Но даже эту праздность в действительности мы можем понять, лишь исходя из воскрешения смерти, если через творение «речь наделяет голосом сокровенность смерти» [669].
Итак, редкая для Бланшо формулировка «воскрешение смерти» имеет решающее значение. Возможно даже, он употребил это выражение всего однажды, но высказал его так решительно и таким поразительным образом, что этого единственного раза ему показалось достаточно — к тому же само выражение, и так слишком рискованное, грозило превратиться в опасное, если его повторять. Ведь оно действительно опасно и может открыть путь ко всякого рода двусмысленностям. Бланшо это понимал и стремился предотвратить этот риск, хотя и брал на себя некоторую его долю, долю тщательно и, можно даже сказать, осторожно отмеренную. Эта доля риска, по крайней мере частично, связана у Бланшо с сохранившимися в его мысли о воскрешении монотеистическими, а точнее, христианскими корнями.

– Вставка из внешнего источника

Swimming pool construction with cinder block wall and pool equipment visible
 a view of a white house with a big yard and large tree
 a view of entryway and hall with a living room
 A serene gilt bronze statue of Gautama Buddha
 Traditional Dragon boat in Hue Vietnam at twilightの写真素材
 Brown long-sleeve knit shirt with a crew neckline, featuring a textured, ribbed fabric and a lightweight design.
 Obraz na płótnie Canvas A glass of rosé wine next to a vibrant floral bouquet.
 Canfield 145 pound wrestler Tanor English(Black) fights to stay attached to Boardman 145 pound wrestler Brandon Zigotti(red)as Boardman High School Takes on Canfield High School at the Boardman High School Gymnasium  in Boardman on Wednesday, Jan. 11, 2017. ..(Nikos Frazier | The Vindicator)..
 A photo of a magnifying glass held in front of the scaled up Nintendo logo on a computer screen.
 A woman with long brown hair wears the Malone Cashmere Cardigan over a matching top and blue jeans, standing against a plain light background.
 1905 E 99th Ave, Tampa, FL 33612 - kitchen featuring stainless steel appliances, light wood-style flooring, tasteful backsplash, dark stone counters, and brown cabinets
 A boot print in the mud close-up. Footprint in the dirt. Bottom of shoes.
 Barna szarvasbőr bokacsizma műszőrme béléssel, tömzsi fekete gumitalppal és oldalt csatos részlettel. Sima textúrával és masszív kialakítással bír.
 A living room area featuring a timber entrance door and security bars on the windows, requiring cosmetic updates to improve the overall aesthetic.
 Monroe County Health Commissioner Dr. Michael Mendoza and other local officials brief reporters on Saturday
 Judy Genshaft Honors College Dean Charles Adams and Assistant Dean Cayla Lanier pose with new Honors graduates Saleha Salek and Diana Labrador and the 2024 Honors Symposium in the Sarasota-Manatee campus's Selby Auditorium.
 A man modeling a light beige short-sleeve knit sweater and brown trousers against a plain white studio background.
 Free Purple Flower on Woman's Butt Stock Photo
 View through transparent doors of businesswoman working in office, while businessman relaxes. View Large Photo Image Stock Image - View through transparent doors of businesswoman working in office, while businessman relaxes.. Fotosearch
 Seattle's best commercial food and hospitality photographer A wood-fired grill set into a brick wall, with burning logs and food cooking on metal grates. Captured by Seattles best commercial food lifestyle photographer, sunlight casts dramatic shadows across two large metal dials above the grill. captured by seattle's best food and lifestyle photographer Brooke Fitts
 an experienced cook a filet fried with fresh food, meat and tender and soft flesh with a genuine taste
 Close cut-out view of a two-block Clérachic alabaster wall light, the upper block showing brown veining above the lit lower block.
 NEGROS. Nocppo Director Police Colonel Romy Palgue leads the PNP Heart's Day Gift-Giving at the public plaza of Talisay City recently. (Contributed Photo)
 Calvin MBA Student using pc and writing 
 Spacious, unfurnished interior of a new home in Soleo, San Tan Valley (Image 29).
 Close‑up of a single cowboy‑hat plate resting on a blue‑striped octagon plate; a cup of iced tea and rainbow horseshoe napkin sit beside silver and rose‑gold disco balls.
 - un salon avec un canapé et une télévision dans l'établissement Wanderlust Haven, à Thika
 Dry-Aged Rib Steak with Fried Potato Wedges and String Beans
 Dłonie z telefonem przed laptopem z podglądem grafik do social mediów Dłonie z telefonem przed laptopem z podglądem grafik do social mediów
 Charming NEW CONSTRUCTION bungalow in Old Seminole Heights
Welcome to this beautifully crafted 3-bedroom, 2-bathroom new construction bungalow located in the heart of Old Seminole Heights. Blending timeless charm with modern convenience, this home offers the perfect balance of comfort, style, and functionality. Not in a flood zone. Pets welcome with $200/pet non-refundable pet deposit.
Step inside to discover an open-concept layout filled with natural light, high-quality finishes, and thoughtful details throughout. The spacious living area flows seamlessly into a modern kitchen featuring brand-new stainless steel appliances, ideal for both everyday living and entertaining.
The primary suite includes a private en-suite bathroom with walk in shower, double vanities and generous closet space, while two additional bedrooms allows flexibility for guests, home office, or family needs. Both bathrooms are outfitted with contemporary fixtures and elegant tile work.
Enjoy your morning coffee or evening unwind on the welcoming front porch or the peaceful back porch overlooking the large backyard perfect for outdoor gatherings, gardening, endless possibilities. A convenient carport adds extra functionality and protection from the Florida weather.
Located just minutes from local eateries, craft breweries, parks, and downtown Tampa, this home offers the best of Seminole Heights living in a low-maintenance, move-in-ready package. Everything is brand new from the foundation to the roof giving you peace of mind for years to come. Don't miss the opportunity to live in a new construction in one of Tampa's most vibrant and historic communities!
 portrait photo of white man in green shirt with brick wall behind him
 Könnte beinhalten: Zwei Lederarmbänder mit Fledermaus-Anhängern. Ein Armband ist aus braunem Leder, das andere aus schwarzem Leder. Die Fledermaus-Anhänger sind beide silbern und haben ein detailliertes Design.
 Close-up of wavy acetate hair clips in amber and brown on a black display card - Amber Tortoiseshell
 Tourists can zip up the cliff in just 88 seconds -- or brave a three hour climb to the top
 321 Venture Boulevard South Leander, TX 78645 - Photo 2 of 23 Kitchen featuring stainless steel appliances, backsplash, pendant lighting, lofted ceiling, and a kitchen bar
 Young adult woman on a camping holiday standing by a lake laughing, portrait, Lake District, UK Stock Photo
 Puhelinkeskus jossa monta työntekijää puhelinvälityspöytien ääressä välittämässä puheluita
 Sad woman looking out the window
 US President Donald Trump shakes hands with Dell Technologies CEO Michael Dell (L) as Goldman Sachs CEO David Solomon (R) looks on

Прежде всего мы должны ненадолго остановиться на этом христианском истоке, хотя в дальнейшем нам, быть может, придется вернуться к нему более подробно. Ведь Бланшо вполне мог бы замалчивать его, даже полностью его вытеснять, заменяя «воскрешение» теми или иными терминами, предположим, такими, как «праздность» — «творчество без завершенности» — или «безумие», или же «бессонница», «обращение» или «переворачивание» [670] или еще «признание», ход и «отклонение» [extravagance] которого попытался показать Кристоф Бидан [671]. До некоторой степени подобное замещение имело место и снимало всякую зависимость от религии. Однако понятно, что в таком случае была бы утеряна непосредственная и очевидная связь со смертью, избавление и освобождение от которой прямо обозначаются воскрешением. Итак, не было возможности обойтись без этого термина, предназначенного служить логическим оператором между смертью, отношение к которой полагается как присущее письму, и письмом (словом, криком, стихом), отношение к которому полагается как присущее умиранию или смертности человека. Это, однако, еще не все: нужно также учитывать и тот элемент, сам факт существования которого является предпосылкой теологического мотива.